A Comprehensive Estuarine Hydrodynamics-Salinity Study: Impact of Morphologic Changes on Ria de Aveiro (Atlantic Coast of Portugal)

Abstract

Shallow coastal lagoons driven by tidal processes are extremely dynamic environments prone to continuous natural and anthropogenic pressures. The hydrodynamics of these systems deeply depends on the effect of local morphology on the tidal propagation, so their permanent evolution constantly changes tidal dependent processes. For this reason, the present work aims to review the main characteristics of Ria de Aveiro hydrodynamics, a shallow lagoon located at the Atlantic Coast of Portugal, evaluating its evolution over the last 30 years (between 1987 and 2020) and investigating the main morphological changes in its origin. For this purpose, a comparative analysis is performed to determine the main process, including the observed hydrodynamic changes: Deepening of the inlet channel or of the main lagoon channels.
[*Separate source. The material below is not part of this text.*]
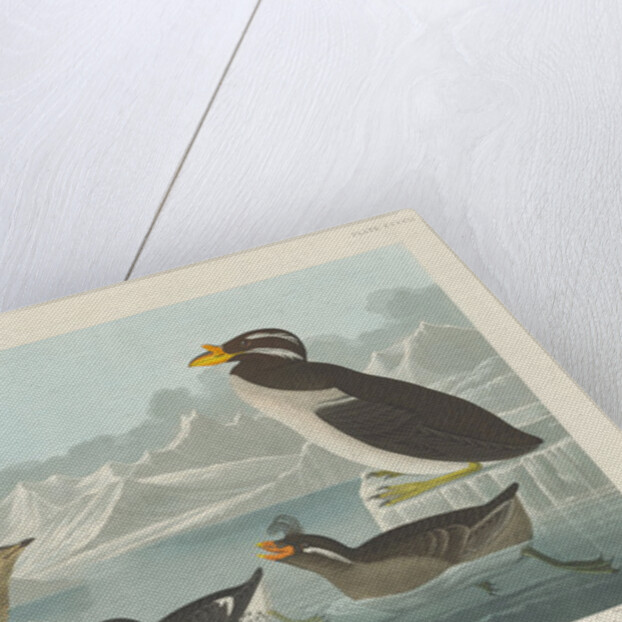 Black-throated Guillemot, Nobbed-billed Auk, Curled-Crested Auk and Horned-billed Guillemot 1838 by John James (after) Audubon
To achieve these goals, the authors explored a remarkable database including bathymetric, tide gauge, and salinity data from 1987 until the present. This analysis is completed by the exploitation of a hydrodynamical model (Delft3D), validated against field data. Several simulations were performed to analyse changes in tidal propagation along the lagoon channels (considering the main semi-diurnal constituent M2), tidal asymmetry, tidal currents, tidal prism, and salinity patterns. The results show that the general deepening of the lagoon observed between 1987 and 2020 led to important changes in the lagoon hydrodynamics, namely the increase/decrease of the M2 constituent amplitude/phase, as well as the increase of tidal currents and salt intrusion within the entire lagoon, with the changes being amplified towards the head of the main channels. Although the inlet deepening partially contributed to the modifications found, the results revealed that the deepening of the main lagoon channels had the most significant contribution to the changes observed during the last 30 years.